Falls cause the most worker fatalities and injuries during rooftop ice and snow removal. Workers can fall off roof edges, through skylights, and from ladders and aerial lifts. A dangerous roof collapse is also possible during snow removal. Fall protection equipment must be used if workers are removing snow in areas that are not adequately guarded.
Other significant hazards that can occur during snow removal:
- Amputations, eye injuries, struck by falling ice, and injuries associated with the use of snowblowers and other equipment.
- Aerial lift collapses or tip-overs.
- Entrapment and suffocation under falling snow.
- Shock or electrocution from contact with power lines or damaged extension cords.
- Frostbite or hypothermia from cold and windy conditions.
- Back injuries from slips, trips, and falls.
- Musculoskeletal injuries, exhaustion, dehydration, and heart attacks from overexertion.
- Dangers of striking hidden equipment or chemical/HVAC lines that are buried in the snow.
The unsafe use of mechanized equipment, such as snowblowers, while removing snow from roofs may cause injuries such as amputations and eye injuries.
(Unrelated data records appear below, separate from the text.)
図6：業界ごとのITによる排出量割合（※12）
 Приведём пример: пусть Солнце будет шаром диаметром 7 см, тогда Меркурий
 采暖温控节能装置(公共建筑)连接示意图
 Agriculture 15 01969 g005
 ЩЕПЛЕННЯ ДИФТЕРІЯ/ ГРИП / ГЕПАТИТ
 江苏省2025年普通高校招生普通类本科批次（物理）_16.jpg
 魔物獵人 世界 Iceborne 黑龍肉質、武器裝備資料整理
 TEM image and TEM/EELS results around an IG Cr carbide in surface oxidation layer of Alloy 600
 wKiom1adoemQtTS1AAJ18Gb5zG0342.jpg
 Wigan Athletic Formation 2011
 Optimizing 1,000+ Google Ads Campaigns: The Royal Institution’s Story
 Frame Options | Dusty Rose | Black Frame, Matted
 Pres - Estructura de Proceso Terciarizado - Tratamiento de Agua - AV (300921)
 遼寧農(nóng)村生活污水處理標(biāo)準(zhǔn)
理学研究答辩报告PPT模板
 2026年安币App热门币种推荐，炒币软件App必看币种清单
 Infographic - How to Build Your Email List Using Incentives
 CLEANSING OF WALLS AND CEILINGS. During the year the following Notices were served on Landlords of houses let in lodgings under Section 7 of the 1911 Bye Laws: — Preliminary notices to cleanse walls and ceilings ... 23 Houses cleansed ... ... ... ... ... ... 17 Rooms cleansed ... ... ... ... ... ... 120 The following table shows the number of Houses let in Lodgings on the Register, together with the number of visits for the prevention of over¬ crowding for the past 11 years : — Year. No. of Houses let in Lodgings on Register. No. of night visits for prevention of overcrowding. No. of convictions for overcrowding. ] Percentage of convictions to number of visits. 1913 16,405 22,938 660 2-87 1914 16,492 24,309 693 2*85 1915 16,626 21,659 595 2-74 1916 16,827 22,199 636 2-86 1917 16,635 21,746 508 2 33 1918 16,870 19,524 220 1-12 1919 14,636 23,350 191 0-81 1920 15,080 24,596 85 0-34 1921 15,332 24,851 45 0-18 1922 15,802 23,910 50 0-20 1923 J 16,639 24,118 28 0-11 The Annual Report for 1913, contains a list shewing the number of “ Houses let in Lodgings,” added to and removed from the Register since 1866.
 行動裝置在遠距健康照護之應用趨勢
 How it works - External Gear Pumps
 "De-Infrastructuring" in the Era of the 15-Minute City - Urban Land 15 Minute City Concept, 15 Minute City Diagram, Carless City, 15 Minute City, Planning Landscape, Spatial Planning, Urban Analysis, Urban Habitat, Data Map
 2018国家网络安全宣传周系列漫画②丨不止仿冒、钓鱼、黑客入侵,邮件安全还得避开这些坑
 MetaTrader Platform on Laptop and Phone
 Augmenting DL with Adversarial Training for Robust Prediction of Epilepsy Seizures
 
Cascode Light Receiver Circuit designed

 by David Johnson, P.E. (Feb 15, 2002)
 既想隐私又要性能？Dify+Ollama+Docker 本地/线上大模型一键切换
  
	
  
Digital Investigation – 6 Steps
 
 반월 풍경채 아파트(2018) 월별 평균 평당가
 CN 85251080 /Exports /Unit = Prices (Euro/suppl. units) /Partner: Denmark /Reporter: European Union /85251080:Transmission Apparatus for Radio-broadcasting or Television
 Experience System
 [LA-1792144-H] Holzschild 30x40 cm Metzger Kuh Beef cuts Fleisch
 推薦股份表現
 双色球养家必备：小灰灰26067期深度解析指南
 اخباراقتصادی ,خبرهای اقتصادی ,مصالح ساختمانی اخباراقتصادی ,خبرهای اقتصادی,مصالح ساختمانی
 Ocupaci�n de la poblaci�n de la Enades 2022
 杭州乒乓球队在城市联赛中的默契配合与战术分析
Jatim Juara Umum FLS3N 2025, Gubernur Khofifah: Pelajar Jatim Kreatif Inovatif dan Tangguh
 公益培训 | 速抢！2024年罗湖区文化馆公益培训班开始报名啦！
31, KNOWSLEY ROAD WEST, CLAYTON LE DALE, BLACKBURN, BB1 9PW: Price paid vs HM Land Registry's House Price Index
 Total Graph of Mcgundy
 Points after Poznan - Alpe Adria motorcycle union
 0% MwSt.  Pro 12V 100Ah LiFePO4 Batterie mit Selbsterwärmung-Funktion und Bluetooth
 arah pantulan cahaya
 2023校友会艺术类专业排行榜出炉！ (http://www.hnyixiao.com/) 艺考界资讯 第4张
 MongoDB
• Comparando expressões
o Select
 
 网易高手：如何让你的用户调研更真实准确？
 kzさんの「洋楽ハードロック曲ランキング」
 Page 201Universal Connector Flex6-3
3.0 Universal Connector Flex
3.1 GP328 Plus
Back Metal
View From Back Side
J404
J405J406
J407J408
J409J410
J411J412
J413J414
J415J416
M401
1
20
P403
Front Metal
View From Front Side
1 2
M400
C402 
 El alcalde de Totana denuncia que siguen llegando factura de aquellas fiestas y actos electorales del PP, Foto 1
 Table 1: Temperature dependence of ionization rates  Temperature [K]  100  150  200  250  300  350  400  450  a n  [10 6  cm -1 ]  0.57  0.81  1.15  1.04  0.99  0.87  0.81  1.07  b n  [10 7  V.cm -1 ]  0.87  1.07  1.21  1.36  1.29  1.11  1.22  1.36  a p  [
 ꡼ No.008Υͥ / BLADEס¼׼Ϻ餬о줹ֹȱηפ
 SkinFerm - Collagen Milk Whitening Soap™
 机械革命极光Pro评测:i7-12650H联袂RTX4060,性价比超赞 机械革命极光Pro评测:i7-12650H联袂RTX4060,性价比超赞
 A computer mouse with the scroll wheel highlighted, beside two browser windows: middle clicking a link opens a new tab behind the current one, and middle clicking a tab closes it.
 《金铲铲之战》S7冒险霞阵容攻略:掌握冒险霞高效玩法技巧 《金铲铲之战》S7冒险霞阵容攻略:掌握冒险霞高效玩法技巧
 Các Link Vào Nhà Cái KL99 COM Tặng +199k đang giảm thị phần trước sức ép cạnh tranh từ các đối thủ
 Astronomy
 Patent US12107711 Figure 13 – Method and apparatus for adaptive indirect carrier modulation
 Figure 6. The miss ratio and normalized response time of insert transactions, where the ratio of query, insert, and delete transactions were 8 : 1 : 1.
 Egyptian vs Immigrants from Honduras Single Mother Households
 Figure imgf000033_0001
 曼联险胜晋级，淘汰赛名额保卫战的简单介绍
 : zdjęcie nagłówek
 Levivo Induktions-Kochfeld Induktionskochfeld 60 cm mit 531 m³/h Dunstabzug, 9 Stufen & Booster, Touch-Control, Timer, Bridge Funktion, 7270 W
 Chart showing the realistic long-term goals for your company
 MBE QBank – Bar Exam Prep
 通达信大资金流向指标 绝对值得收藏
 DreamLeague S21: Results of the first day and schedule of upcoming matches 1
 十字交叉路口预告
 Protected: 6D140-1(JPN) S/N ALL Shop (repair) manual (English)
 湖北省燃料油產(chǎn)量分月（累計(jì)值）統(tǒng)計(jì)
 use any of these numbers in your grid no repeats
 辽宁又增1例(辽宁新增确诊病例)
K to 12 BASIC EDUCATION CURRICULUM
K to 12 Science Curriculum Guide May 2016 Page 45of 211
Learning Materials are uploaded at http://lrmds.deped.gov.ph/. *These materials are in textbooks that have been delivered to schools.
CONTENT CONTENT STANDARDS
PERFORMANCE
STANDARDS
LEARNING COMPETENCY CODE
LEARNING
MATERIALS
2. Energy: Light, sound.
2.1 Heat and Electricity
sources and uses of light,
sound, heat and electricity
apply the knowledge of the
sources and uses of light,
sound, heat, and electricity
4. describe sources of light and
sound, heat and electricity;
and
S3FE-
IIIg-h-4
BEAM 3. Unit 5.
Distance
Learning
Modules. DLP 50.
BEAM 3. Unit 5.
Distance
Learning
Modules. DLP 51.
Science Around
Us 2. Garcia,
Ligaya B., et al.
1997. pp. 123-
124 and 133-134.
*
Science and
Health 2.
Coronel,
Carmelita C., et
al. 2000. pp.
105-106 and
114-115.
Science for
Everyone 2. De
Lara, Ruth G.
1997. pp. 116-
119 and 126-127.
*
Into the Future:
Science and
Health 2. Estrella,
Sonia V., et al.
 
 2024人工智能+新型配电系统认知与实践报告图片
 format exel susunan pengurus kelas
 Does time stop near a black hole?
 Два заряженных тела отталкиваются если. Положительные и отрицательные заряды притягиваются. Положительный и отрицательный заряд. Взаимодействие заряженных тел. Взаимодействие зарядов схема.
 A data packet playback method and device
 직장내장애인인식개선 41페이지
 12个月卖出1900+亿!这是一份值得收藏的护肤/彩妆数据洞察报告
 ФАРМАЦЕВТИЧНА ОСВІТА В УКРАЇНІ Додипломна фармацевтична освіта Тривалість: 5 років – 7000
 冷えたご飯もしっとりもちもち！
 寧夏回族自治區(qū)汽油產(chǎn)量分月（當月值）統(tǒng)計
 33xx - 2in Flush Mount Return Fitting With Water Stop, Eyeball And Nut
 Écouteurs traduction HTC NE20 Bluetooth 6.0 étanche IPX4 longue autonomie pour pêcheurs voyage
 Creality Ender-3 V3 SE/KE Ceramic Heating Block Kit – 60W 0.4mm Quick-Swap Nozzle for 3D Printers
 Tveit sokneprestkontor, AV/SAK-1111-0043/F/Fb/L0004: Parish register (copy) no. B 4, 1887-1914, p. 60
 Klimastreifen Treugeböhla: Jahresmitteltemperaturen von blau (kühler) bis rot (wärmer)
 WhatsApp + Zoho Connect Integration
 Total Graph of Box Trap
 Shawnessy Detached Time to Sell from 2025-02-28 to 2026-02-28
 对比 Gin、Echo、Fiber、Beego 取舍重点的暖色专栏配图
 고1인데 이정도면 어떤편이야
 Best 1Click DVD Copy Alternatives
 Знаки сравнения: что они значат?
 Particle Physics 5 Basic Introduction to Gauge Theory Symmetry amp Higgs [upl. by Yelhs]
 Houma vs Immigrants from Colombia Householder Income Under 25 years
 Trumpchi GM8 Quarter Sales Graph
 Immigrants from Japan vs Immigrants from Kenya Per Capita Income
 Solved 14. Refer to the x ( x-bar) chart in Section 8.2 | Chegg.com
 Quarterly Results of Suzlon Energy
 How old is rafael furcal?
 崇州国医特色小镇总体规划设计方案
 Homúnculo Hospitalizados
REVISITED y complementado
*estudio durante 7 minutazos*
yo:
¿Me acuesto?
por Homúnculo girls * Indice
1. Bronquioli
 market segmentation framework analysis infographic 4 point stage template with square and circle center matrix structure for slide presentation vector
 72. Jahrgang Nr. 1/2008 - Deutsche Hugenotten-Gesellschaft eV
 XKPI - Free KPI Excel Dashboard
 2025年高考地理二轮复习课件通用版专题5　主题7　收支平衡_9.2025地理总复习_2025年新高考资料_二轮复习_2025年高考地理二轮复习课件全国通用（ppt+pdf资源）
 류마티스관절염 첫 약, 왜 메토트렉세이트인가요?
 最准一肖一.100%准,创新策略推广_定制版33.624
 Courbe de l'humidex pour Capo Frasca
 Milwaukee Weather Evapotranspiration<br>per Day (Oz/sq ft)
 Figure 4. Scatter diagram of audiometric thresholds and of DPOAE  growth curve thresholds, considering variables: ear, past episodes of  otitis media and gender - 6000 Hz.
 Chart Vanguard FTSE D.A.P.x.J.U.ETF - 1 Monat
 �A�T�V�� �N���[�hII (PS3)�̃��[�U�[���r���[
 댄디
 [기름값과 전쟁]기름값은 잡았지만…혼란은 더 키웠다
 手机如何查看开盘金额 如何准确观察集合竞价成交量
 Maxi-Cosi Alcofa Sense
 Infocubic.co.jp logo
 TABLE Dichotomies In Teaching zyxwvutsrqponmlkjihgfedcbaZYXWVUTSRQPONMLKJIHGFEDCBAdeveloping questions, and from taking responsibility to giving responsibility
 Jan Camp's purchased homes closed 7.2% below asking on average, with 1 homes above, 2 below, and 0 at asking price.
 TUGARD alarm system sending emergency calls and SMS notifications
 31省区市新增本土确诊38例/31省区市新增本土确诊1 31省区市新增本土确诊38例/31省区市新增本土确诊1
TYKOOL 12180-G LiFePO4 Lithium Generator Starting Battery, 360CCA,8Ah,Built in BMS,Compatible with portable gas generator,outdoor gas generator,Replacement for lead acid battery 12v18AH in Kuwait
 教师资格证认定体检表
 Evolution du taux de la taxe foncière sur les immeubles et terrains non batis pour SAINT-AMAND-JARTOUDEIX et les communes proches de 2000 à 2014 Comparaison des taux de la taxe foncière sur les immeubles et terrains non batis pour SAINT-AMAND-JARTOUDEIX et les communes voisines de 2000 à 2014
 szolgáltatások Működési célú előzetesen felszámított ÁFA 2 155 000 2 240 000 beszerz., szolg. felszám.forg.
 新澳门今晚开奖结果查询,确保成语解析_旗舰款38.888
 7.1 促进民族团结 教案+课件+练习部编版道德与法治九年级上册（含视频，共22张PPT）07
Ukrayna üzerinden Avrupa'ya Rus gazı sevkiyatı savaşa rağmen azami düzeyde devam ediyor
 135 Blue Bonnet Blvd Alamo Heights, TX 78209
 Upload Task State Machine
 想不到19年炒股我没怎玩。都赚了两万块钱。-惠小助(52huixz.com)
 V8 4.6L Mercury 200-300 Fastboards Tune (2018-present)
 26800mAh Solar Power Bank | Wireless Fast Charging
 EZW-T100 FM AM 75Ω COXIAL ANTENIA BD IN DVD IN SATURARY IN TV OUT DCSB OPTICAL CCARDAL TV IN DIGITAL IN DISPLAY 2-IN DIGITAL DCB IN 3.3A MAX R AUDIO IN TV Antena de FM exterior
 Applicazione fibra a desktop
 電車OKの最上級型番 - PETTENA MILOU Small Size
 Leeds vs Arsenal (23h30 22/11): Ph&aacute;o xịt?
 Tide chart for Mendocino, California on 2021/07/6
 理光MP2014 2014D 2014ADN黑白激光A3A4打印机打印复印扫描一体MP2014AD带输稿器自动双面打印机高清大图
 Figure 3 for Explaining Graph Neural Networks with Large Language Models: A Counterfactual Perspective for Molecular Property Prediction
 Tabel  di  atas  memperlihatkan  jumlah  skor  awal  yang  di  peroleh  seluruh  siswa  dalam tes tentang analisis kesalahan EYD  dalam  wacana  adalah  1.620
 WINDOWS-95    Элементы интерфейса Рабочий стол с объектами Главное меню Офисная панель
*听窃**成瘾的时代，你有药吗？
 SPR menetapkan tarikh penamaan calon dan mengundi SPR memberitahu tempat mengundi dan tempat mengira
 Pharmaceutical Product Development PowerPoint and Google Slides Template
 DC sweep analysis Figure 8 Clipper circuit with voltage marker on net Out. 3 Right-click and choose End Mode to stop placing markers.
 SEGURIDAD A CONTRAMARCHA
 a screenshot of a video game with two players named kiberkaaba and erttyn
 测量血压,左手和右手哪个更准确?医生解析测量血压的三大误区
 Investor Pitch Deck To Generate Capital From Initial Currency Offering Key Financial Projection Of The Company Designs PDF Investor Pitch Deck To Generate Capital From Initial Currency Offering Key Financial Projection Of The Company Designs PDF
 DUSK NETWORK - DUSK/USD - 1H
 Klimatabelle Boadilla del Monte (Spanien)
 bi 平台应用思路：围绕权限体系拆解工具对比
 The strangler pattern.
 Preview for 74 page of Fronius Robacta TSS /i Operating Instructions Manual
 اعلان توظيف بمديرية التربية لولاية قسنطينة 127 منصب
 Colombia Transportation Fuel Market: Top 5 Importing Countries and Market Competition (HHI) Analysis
Accidents can also happen when workers are moving equipment used for snow removal to the rooftop.
Workers may face electrical hazards such as electrocution and electric shock from power lines or snow removal equipment.
Exposure to cold can cause injury and illness in workers removing snow. Cold exposure can cause frostbite (freezing in the deep layers of skin and tissue) and hypothermia (drop of body temperature to less than 95˚F). For information on how to prevent these situations, see OSHA’s Safety and Health Guide on Cold Stress.
Before snow removal operations begin:
- Plan ahead for safe snow removal and check the worksite for dangers, including fall and electrical hazards.
- Inspect all equipment before use.
- Consider using snow removal methods that do not require workers to step onto the roof or limit the number of workers that have to be on the roof.
- Confirm that the workers’ weight and any equipment used can be supported by the roof or structure without causing a collapse.
- Ensure all workers are trained to safely use the snow removal equipment, ladders, aerial lifts, fall protection, and protective gear.
Workers must know the route and method they should use to get up and down from a roof in a way that minimizes the risk of falling. The safest location for a ladder might not be the most obvious one, or an alternate method (like an access door or lift, might be available to get on the roof. Safe roof access is as important as having effective fall protection while on the roof.
Make sure that workers take steps to minimize overexertion and help prevent injuries, such as the following:
- Scoop or push small amounts of snow at a time. Use a smaller shovel or take smaller scoops of snow if snow is wet and heavy.
- Use proper form if lifting is necessary; keep the back straight and lift with the legs.
- Do not overload the snowblower; let it operate at a modest speed.
- Take frequent breaks and drink fluids (avoid caffeine or alcohol).
To prevent falls from ladders used for accessing roofs:
- Workers should not use a snow rake or shovel while on a ladder because this greatly increases the risk of losing one’s balance and falling.
- Check the ladder rungs for ice. A slippery step can cause a fatal fall.
- Clean snow from shoes or boots before mounting the ladder.
- Ensure the ladder has level and secure footing.
- Do not carry heavy or bulky loads up a ladder. Instead climb up the ladder first, and then pull the equipment up to the working level with a rope or other appropriate hoisting method.
OSHA Standards 1926.1053(b)(6) and 1910.23(c)(4) Ladders shall be used only on stable and level surfaces unless secured to prevent accidental displacement.
To prevent unbalanced loading during snow removal, workers should remove snow uniformly across the roof and avoid making snow piles on the roof.
Protect people on the ground during snow removal. Mark a safe work zone and keep people back at least 10 feet from the point where snow is expected to be blown or fall. When using snow rakes, remove small amounts of snow at a time.